White Zombie (1932, Victor Halperin)

I guess the title refers to the ultimate horror, that in darkest Haiti, not only the deceased natives are being resurrected as workhorse zombie slaves but… white people, too! Good evocative opening, the clueless foreigners arriving to encounter a burial in the middle of the road (to avoid grave robbing) then asking directions from local zombiemaster Bela Lugosi. Of course the Christian missionary has been here 30 years and insists all this zombie nonsense is primitive superstition, but even he comes around by the end.

How are hipsters not waxing their eyebrows like this?

Since all 1930’s movies are about two white people wanting to be married, we’ve got Neil (John Harron of Satan in Sables, Karloff’s The Invisible Menace): simple, impulsive, a very slow learner… and Madeline (Madge Bellamy, star of Lazybones, who would later become infamous for shooting her millionaire ex-lover)… who is also desired by local fancyman Beaumont (Robert Frazer of The Vampire Bat), who has hired Neil in order to get closer to Mads.
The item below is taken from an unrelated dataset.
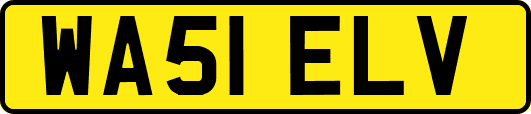 WA51ELV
Beau fails to woo her from Neil, so he poisons her at the wedding, then has Lugosi resurrect her to marry.

“Surely you don’t think she’s alive in the hands of natives? Oh no, better dead than that!”

Even dense Neil figures out what has happened, teaming up with the pipe-smoking missionary (Joseph Cawthorn, William Powell’s dad in The Great Ziegfeld) to meet Haitian Witch Doctor Pierre (played by a Brit) for advice, learning that houses of the living dead can be identified by nearby vultures (played by hawks or falcons). Meanwhile Beau is bummed that Zombie Mads has no facial expressions or speech or emotions (but can still play piano), gets zombified himself for daring to complain to Lugosi about it. After a couple of attempted murders and a slow-motion shove-fight atop a cliff, Lugosi falls dead and Mads awakens (so her resurrection was permanent, but her stupor-state was maintained by Lugosi’s will?). Mostly the movie seems important for its historical place as the first zombie film, and for its wealth of Bela Lugosi poses and expressions, silently controlling zombies with hand gestures like he’s playing a Wii game.

Beau and Mads:

Nice pose… but not a vulture:

Produced by Victor’s brother Edward, the two Halperins also made a loose sequel set in Cambodia, gangster KKK drama Nation Aflame, and the Carole Lombard ghost thriller Supernatural.